__TASK INPUT__
———

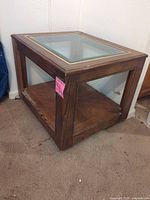 Overall view of square wooden end table with glass top and side panels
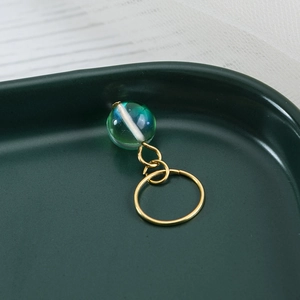 Golden spring ring pendant with a translucent blue-green bead for dreadlocks and hair styling
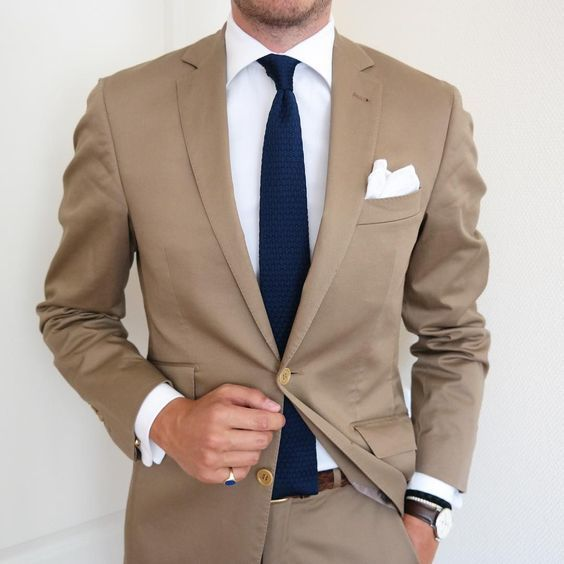 Tan suit with navy tie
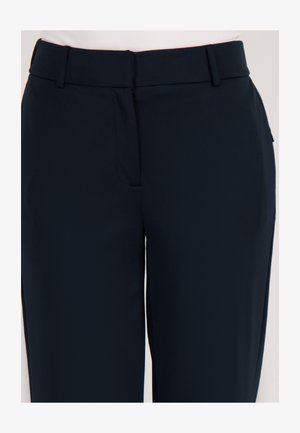 Close-up van zwarte op maat gemaakte broeken met riemlussen en een ritssluiting aan de voorkant, gedragen door iemand in een lichtroze top.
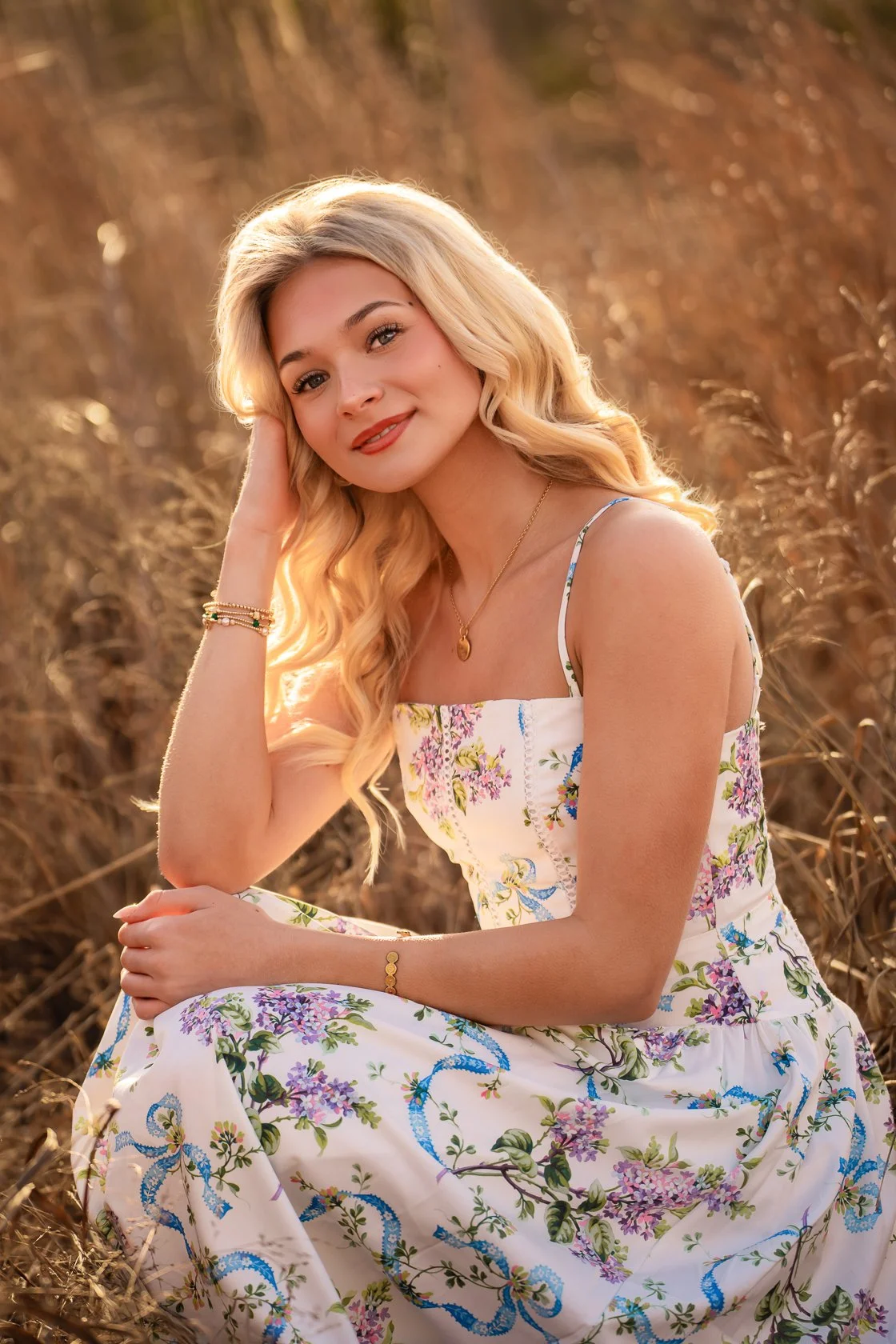 A young woman with long blonde hair sitting in a field of dry grass, wearing a white floral dress, smiling softly at the camera.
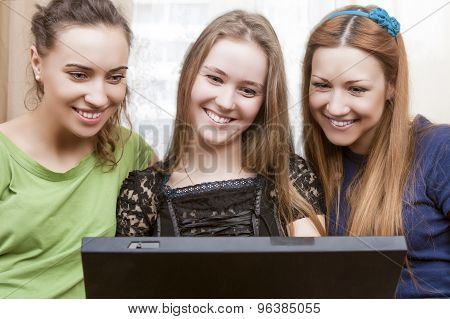 Modern Lifesrtyle Concept. Portrait Of Three Young Happy Laughing Caucasian Girlfriends With Persoma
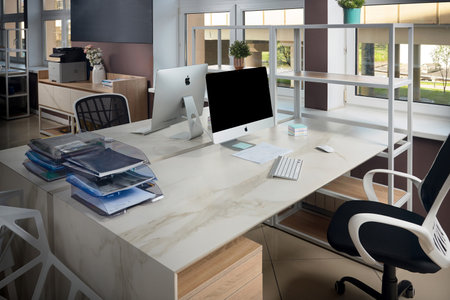 GRODNO, BELARUS - MAY 2020: Two Apple Imac in office table with stoneware table top, modern workplace of trendy office in loft style. Illustrative editorial.のeditorial素材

———

Lines from the start of the material through the line containing "Modern Lifesrtyle Concept." are to be restated word for word; no picture may be included.

__EXPECTED ANSWER__
 Overall view of square wooden end table with glass top and side panels
 Golden spring ring pendant with a translucent blue-green bead for dreadlocks and hair styling
 Tan suit with navy tie
 Close-up van zwarte op maat gemaakte broeken met riemlussen en een ritssluiting aan de voorkant, gedragen door iemand in een lichtroze top.
 A young woman with long blonde hair sitting in a field of dry grass, wearing a white floral dress, smiling softly at the camera.
 Modern Lifesrtyle Concept. Portrait Of Three Young Happy Laughing Caucasian Girlfriends With Persoma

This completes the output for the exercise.